Через несколько дней после суда над Нейлором в палате встал вопрос о майор-генералах. Под рождество Десборо внес билль о продолжении их функций и соответственно налога на их содержание в размере десяти процентов со всех доходов роялистов. Он надеялся, что депутаты, спешившие к праздничному пудингу, быстро утвердят билль, не обсуждая. Но он ошибся. Один за другим депутаты выступали против непопулярного режима. Зачем разделять нацию на военные округа, подобные швейцарским кантонам? Зачем выжимать налоги на содержание власти, притесняющей народ? Дебаты продолжались в январе. Зять Кромвеля, муж его любимой Бетти Джон Клейпол, горячо осуждал военно-полицейскую власть. Ему вторили лорд Брогхилл и родственник протектора полковник Генри Кромвель, внук старого сэра Оливера. Им возражали сами майор-генералы — Десборо, Батлер.

Неожиданно для всех Кромвель поддержал оппозицию. Он пожаловал Генри Кромвелю мантию со своего плеча и перчатки. 28 января 1657 года билль о майор-генералах провалили 124 голосами против 88. Кромвель вынужден был признать, что установление военно-полицейского режима в Англии явилось ошибкой.

В самом деле, перемены назревали. Это чувствовалось и в настроении парламента, и в настроении народа. «Настали последние времена, — кликушествовали на площадях „люди Пятой монархии“, — грядет, грядет господь Иисус на красном коне сразиться с нечестивым выродком, со Змеем, сидящим на престоле Англии». Из печати вышел анонимный памфлет под названием «Умерщвление — не убийство». Среди его возможных авторов называли бывшего левеллера Сексби. Памфлет доказывал, что умерщвление тирана на благо народа — святое и правое дело, и прямо называл Оливера Кромвеля тираном.

В январе Терло доложил палате о раскрытии заговора на жизнь протектора. Некто Майлс Синдеркомб, бывший солдат, подкарауливал Кромвеля на дороге из Уайтхолла в Гемптон-Корт, как три года назад два роялиста, подосланные Карлом Стюартом. Он (говорят, что по наущению Сексби) снял домик, примыкавший к дороге в том месте, где она была узкой и грязной, и выжидал, сидя у заряженной пушки. Протектор снова спасся, избрав водный путь. Синдеркомб был схвачен и осужден; он умер в тюрьме, накануне казни, отравившись мышьяком. Были раскрыты замыслы убить протектора во время прогулки в Гайд-парке. А в подвалах Уайтхолла обнаружили бочонки с порохом — кто-то пытался поджечь обиталище владыки Англии.

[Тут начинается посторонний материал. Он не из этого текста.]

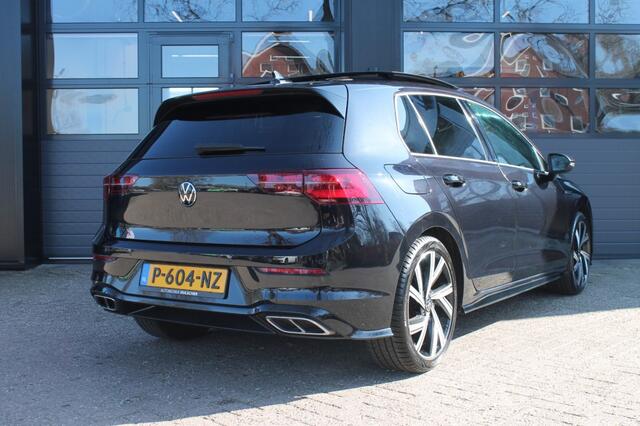 Volkswagen GOLF 1.5 ETSI R-LINE BNS Automaat / Panorama dak / Camera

Судьба страны зависела теперь от слепого случая — так казалось многим. Не узнай протектор вовремя о заговоре, прогляди злоумышленника вездесущий Терло — и единственный человек, в руках которого покоится власть и порядок, будет умерщвлен, а страна снова ввергнута в анархию и разбой. Быть может, все же лучше поставить вместо странного, отдающего военной диктатурой титула «протектор» более знакомый, привычный и величественный титул — «король»?

Так думали многие, особенно те, кто хотел закрепить уже достигнутое, гарантировать завоеванные права, земли, льготы; кто боялся реставрации короля Карла Стюарта, с одной стороны, и разгула народной стихии — с другой. Поздравляя протектора со счастливым избавлением от опасности, богатый торговец сукном Джон Эш сказал во всеуслышание в парламенте: «Я хотел бы добавить еще кое-что, что, на мой взгляд, приведет к сохранению и протектора, и нас самих, и к подавлению всех злоумышлений наших врагов: чтобы его высочество соблаговолил принять на себя правление по образцу древней конституции — это положит конец надеждам наших врагов на переворот».

23 февраля купец Кристофер Пэк, представитель Сити и бывший лорд-мэр Лондона, поднялся в палате и прочел документ, известный под названием «Смиренная петиция и совет». Там предлагалось установить в Англии правительство, состоящее из короля (Оливера Кромвеля), палаты лордов и палаты общин, то есть возвратиться к прежней, дореволюционной форме правления. За что же велась война?! Палата зашумела, посыпались негодующие протесты, Пэка вызвали к решетке. Но раздались и иные голоса. Государственный секретарь Терло осторожно поддержал предложение. В его пользу высказались и юристы, и Уайтлок, и лорд Брогхилл, и адмирал Монтэгю — приближенные Кромвеля. Страсти улеглись, и палата через некоторое время как ни в чем не бывало приступила к обсуждению законопроекта.